Voting registration was a reason to party Thursday night at Spanky’s bar in the Holiday Inn Executive Center.
Rep. Chuck Graham, D-Columbia, First Ward Councilwoman Almeta Crayton and County Clerk Wendy Noren were there to help promote voter registration to patrons and employees.
The event is the brainchild of retired disc jockey Curtis “Boogie Man Soul” Brown, who is providing the music. He said he came up with the project out of a desire to help people. It will be a weekly opportunity at the bar from 5 p.m. to midnight.
One Boone County resident, 19-year-old waitress Elizabeth Haus, registered to vote that night because she “never knew how to before.”
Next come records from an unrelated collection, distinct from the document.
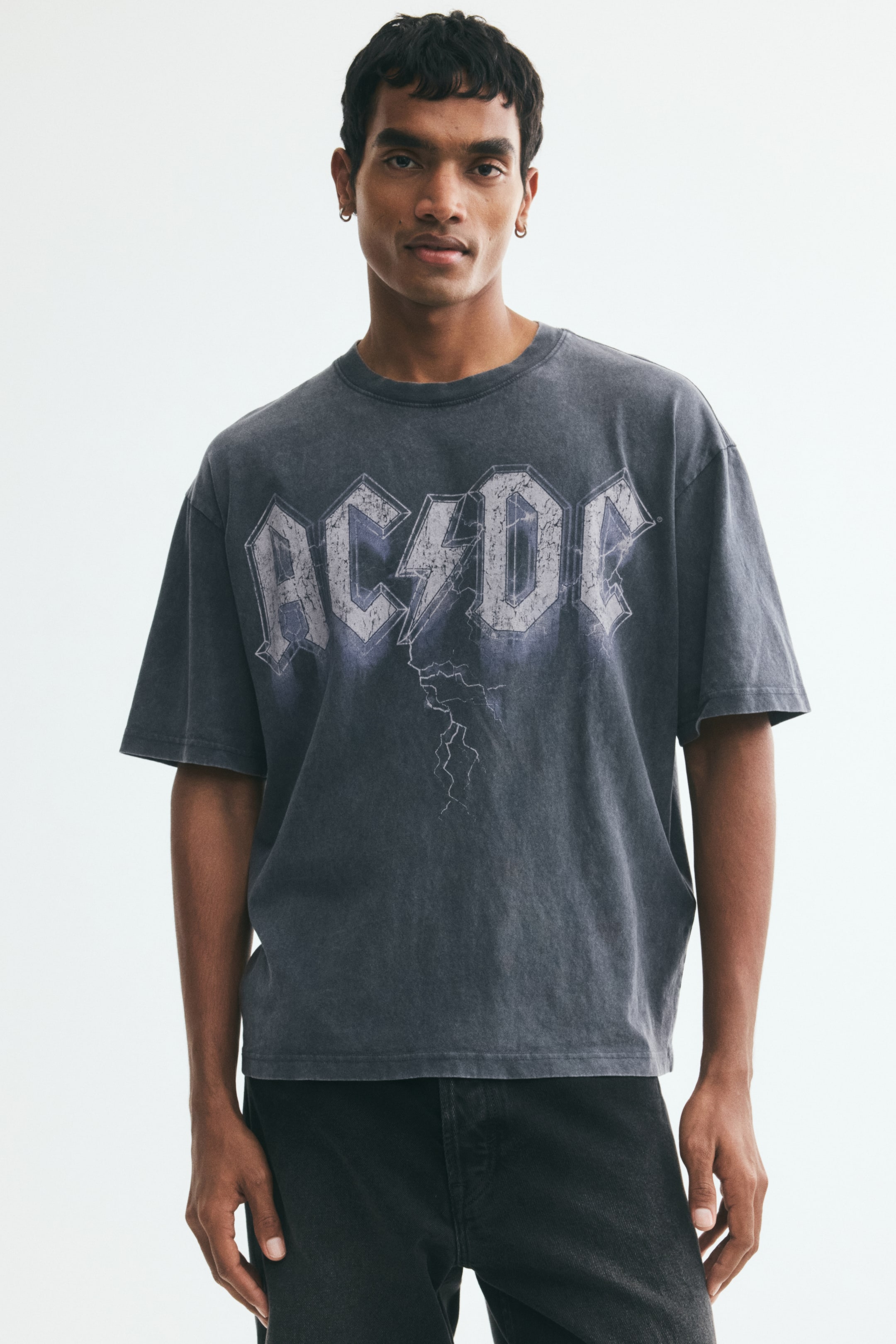 Zobacz większy obraz: Model ma na sobie ciemnoszary T-shirt z wyblakłym nadrukiem AC/DC. Koszulka ma okrągły dekolt wykończony ściągaczem, obniżoną linię ramion, prosty dół i swobodny krój, a stylizowana jest z czarnymi jeansami.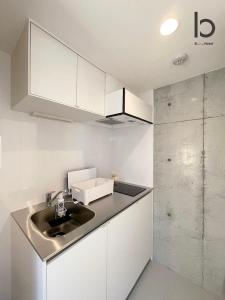 广岛bHOTEL Nekoyard - Lovely 1 BR Apartment, Very Near Peace Park, for 6Ppl的厨房配有白色橱柜和水槽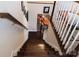 Elegant staircase leading down to the dining room with hardwood stairs and white railing at 1156 Mckee Farm Ln, Belmont, NC 28012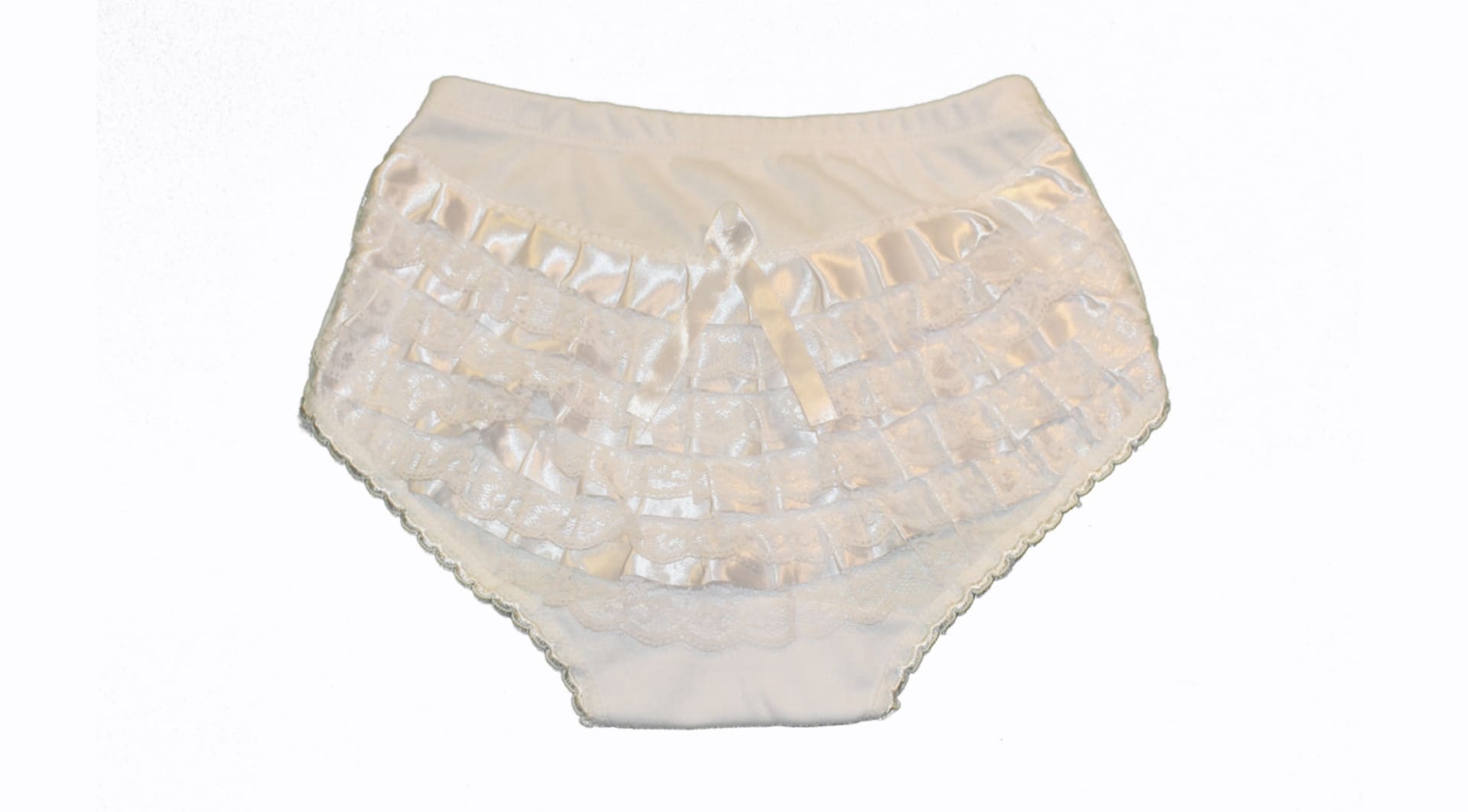 A white ruffle diaper cover with shiny trim.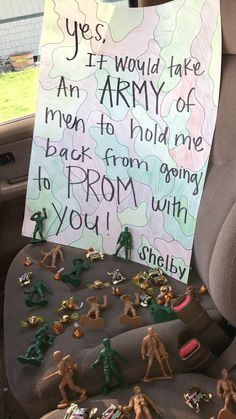 a car seat filled with toys and a sign that reads yes, it would take an army of men to hold me back from going to prom with you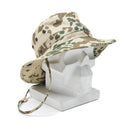Original German Army tropical camo boonie hat with ventilation holes and chin strap on white mannequin head display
Brown said people can help ensure the best leadership by voting.
“There’s only like 12 or 13 percent of the people that vote in America,” Brown said. “(Those people) run our offices, they vote them into office. If I can get that 85 percent to register to vote ... we can get the best people into office. It’s like a math test: You get a 90, but you strive to make a better grade.”
Brown said people are more likely to register if they have regular contact with politicians. “This is why voting is down because (the politicians) don’t come back,” Brown said. “They come to get elected, and then they go back to work. (People) don’t know them.”
Noren said most voter registration parties take place closer to presidential elections, but Thursday night’s was still worthwhile.
“If people (register) now, they get to vote for the sewer issues in November and the presidential primaries in February,” she said.
In the first hour of the party, Haus was the only person to register to vote. But that wasn’t discouraging to Noren.
“If you get one registered voter, it’s valuable,” she said. “Just because you don’t get a lot doesn’t mean it’s not successful. The business supporting it may want to do it again.”
Scott Cristal is secretary of the Boone County Democratic Central Committee, which helped publicize the non-partisan event.
“The idea is that people are having fun and learning about different things going on around the community,” he said. “Those people have opportunities, they meet people like politicians and realize that they are real people and they can talk to them about their concerns. The idea is to bring it down to a level where people can talk to each other.”
He said the event also shows people that voting gives them the power to change the government. Brown said he believes the idea came to him like a vision while he was thinking about the Bible.
“Jesus worked to help people, and I always wondered what I could do to help people,” Brown said. “He wasn’t a politician, and he didn’t vote. I’m not a politician, but I can help people vote.”
Duane Dimmitt, who intends to run for the 25th district state representative next year, said the venue may help guide voters in the future. He said the event’s timing coincides with most local bar specials and the closing time of polls in February and November.
“Hopefully this brings a message to a crowd that says ‘register to vote at happy hour and go to vote during happy hour’,” he said.